There are other reasons, too: patients often are prescribed medications by specialists they see in addition to their primary care physician, and they sometimes misunderstand how and when to take their medications or how their medications can interact.To improve medication safety for outpatients, Hallmark Health Medical Associates (HHMA) participated this year in the “PROMISES Project” through the Massachusetts Department of Public Health and the Massachusetts Coalition for the Prevention of Medical Errors. Jadien Walter, BSN, RN, ambulatory risk manager, is working with the HHMA primary care practice of Regine Tillmanns, MD, in Melrose as a “PROMISES” coach to teach improvement skills.

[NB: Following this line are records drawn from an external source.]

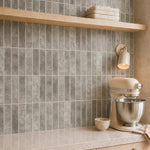 MORCART MT2209-XPE warm taupe grey vertical linear wall tiles, oblique kitchen detail with an oak shelf and cream mixer, fine mottled print and a shallow glossy finish.
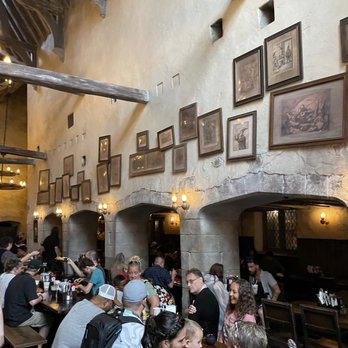 Three Broomsticks - people eating in a restaurant - British Near Me - Orlando, Florida Three Broomsticks - people eating in a restaurant - British Near Me - Orlando, Florida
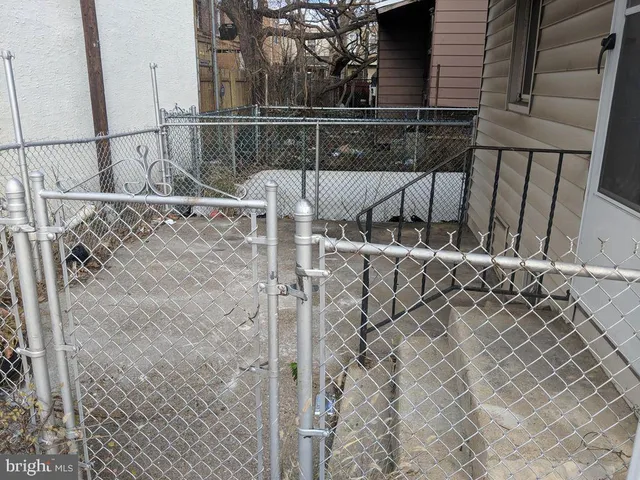 a view of a house with a street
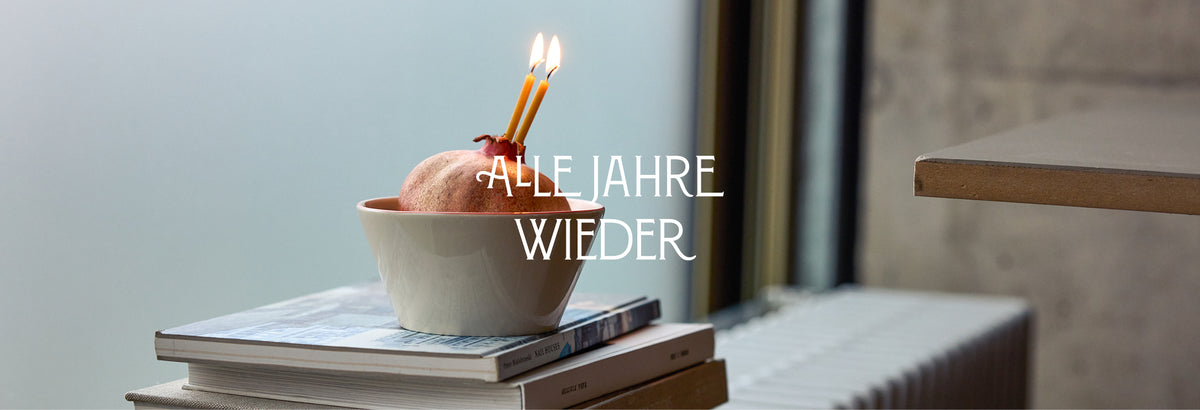 Alle Jahre wieder – ein Granatapfel mit zwei brennenden Kerzen in einer hellen Keramikschale auf einem Bücherstapel am Fenster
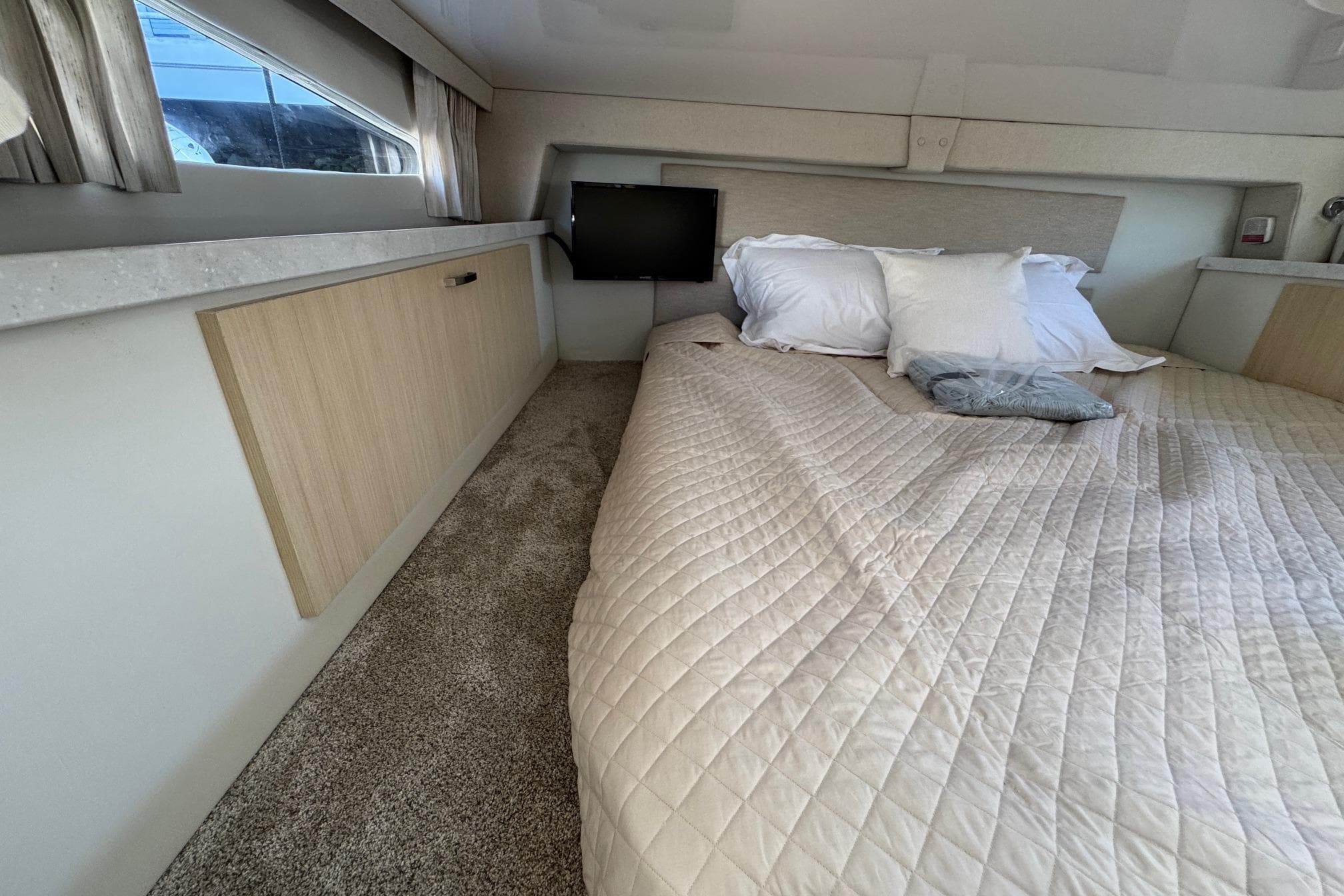 Luxurious interior cabin of 2026 Regal 33 XO yacht with cozy bedding.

“Most of our practices have some system to ask patients about their medications, but there is room for improvement of the process,” said Walter. “We hope to devise a simple system that will work for all practices and we’re using Dr. Tillmanns’s practice as our pilot.” In the pilot, patients are asked to review a printed list of their medications while they are waiting to see the doctor. A medical assistant then inputs any changes into the patient’s record and the updated list is then available for a doctor-patient conversation during the appointment. Patients with complicated medication regimens are asked to bring in all their medications to the visit.
“Most patients do this and find it helpful to review medication bottles together with their provider,” said Tillmanns. “This gives us a chance to detect errors, simplify the medication regimen and educate patients on their medications. It has been very eye-opening to see how the simple method of reviewing a patient’s actual medicine bottles can eliminate detrimental medication errors.”